Peters v. Lincoln Elec. Co.

Decision Date21 March 2002
Docket NumberNo. 00-3562.,00-3562.
Citation285 F.3d 456
PartiesGraham A. PETERS, Plaintiff-Appellant, v. The LINCOLN ELECTRIC COMPANY, Defendant-Appellee.
CourtU.S. Court of Appeals — Sixth Circuit

Ann-Marie Ahern (argued and briefed), Simon Law Firm, Cleveland, OH, for Appellant.

Lee J. Hutton (argued and briefed), Kenneth D. Schwartz (briefed), Duvin, Cahn & Hutton, Cleveland, OH, for Appellee.

Before: MOORE and COLE, Circuit Judges; ROSEN, District Judge.*

OPINION

ROSEN, District Judge.

I. INTRODUCTION

On June 23, 1998, Plaintiff/Appellant Graham A. Peters filed suit in Ohio state court against his former employer, Defendant/Appellee Lincoln Electric Company, alleging that his "forced" retirement from the company was the result of age discrimination prohibited under the Ohio Revised Code, § 4112. Peters also asserted Ohio common law claims of breach of contract, detrimental reliance, and breach of public policy. Lincoln subsequently removed the case to the United States District Court for the Northern District of Ohio on federal question grounds contending that Peters' deposition testimony established that, among his claims in this lawsuit, Peters was asserting an ERISA claim. On July 9, 1999, the District Court denied Plaintiff's Motion to Remand his claims to Ohio state court. The court subsequently granted Lincoln's Motion for Summary Judgment on the state law claims on January 24, 2000 and denied Peters' Motion to Alter or Amend Judgment on February 28, 2000, before ultimately entering Judgment for Defendant on March 30, 2000.1 Plaintiff timely appealed the District Court's decisions.

For the reasons set forth below, we affirm the District Court's grant of Defendant's Motion for Summary Judgment, and its denial of Plaintiff's Motion to Remand and Motion to Alter or Amend Judgment.

II. FACTUAL BACKGROUND

Plaintiff Graham Peters worked for Defendant Lincoln Electric Company ("Lincoln") for 31 years. He began his employment with Lincoln in 1966 as a junior accountant and was promoted two times within his first 5 years of employment. In 1992, Peters became the Corporate Controller, one of the top forty management positions at Lincoln and the second highest financial management position, second only to the company's Chief Financial Officer ("CFO"). Although Peters never became a Certified Public Accountant, he remained responsible for all areas of domestic corporate accounting and financial reporting with approximately 50 people reporting to him.

Lincoln Electric Company is a manufacturer of arc welding, which began as a domestic company and expanded to include operations in sixteen countries by 1992. By the early 1990s, however, Lincoln was experiencing financial troubles, evidenced, in part, by their CFO's announced retirement.

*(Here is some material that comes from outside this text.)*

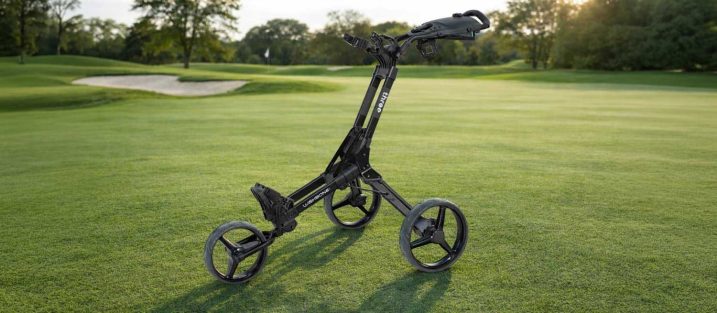 Wishbone Golf Cube Three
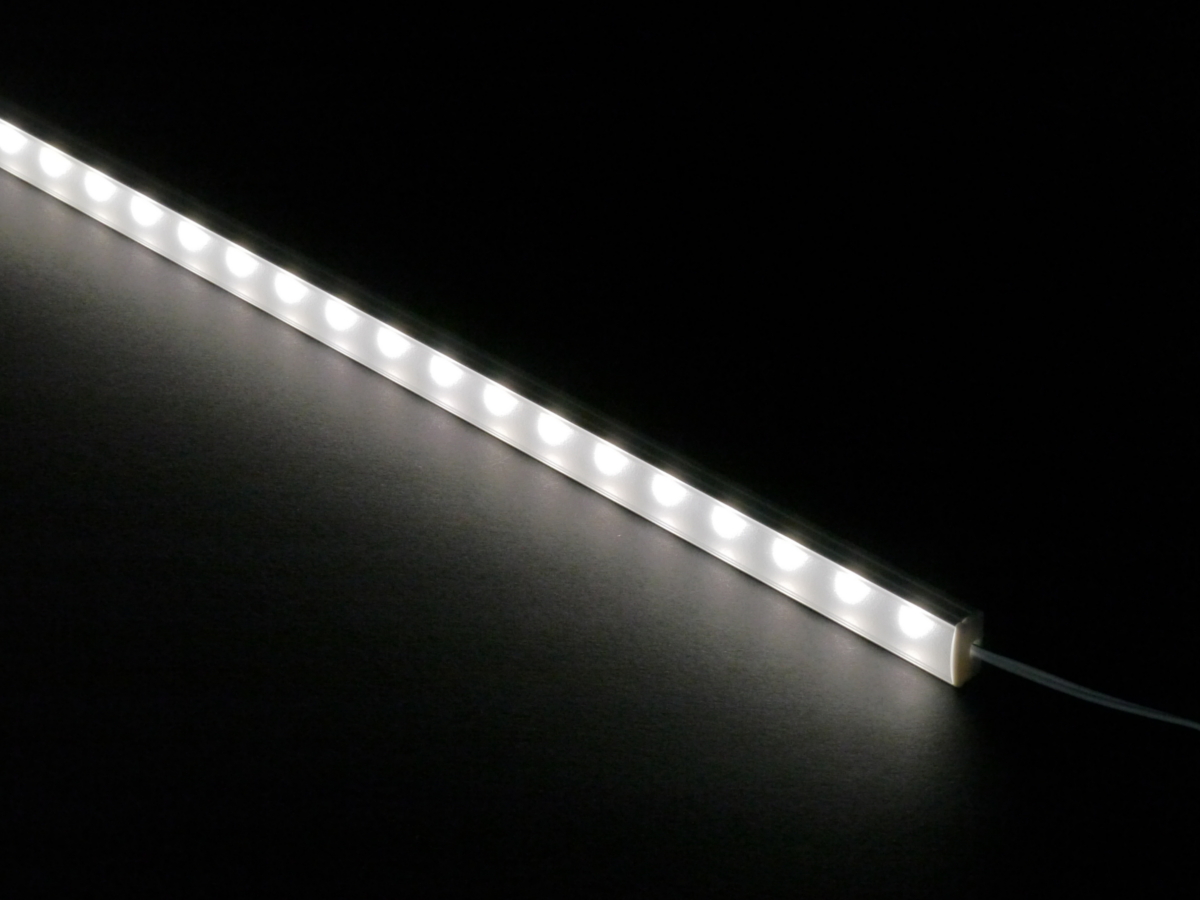 LED-Lichtleiste 980, Länge 54 cm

The CFO, Ellis Smolik ("Smolik"), announced his intention to retire by 1993, at age 74, and hand-picked Jay Elliott ("Elliott") to replace him. Elliott joined Lincoln in 1993 and formally assumed the role of CFO when Smolik ultimately retired in 1994.2 Elliott came from outside of the company and had extensive qualifications, including an MBA from the University of Michigan, Harvard management training, and financial management experience as the Vice President of Finance for Goodyear Tire and Rubber Company's international businesses.

Throughout Plaintiff's time with Lincoln, his subordinates held him in high esteem and considered him a good manager. Senior managers recognized Peters for his dedication to effective control of the company's finances and for properly serving the interests of Lincoln's shareholders and employees. The Defendant's former President, Don Hastings, testified that, while Peters did not generally work directly for him, Hastings was satisfied with Plaintiff's performance in the work he did in their limited interactions. During his deposition, Hastings testified that he never received complaints from other employees about Peters, but noted in his affidavit that Smolik once told him that he did not feel that Peters was developing as quickly as he (Smolik) thought he should be.

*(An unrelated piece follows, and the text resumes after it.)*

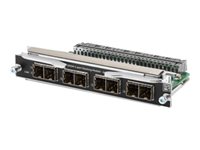 HP Enterprise Netzwerkmodul – 4 Ports für zuverlässige Verbindungen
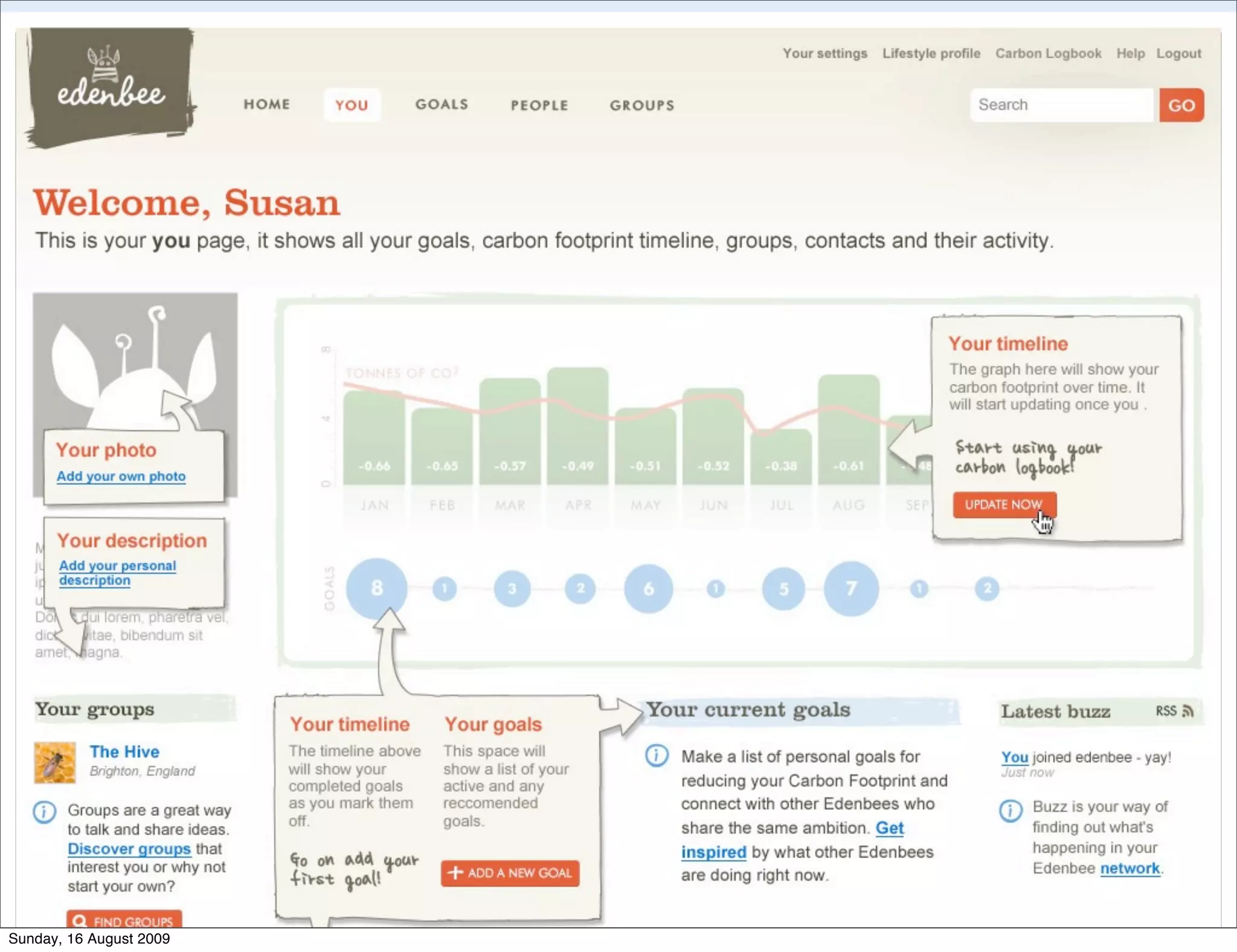 Sunday, 16 August 2009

Hastings also testified that, when determining yearly bonuses, Peters received relatively high merit-ratings, which are based, in part, on peer evaluation. While Peters' ratings stayed high in comparison to other executives through the years, they also steadily declined in numeric value.

The parties have varying accounts as to the level of performance Plaintiff achieved after Elliott took over the CFO position. Elliott claims that he became increasingly dissatisfied with Peters' performance. [Elliott Dep. pp. 32-35]. Specifically, he was dissatisfied with Peters' failure to keep him and other executives abreast of financial information. Id. at 29, 39. Elliott distrusted Peters and claims that Peters did not have an adequate understanding of the relationship between outside auditors and Lincoln. Elliott informed Peters that he lacked the necessary international experience in light of Lincoln's growing international presence.

Peters contends that his continued employment with Lincoln and his rise through the ranks evidences his competency as the Corporate Controller. As proof of his good management skills, Peters offers multiple affidavits from former subordinates and co-workers.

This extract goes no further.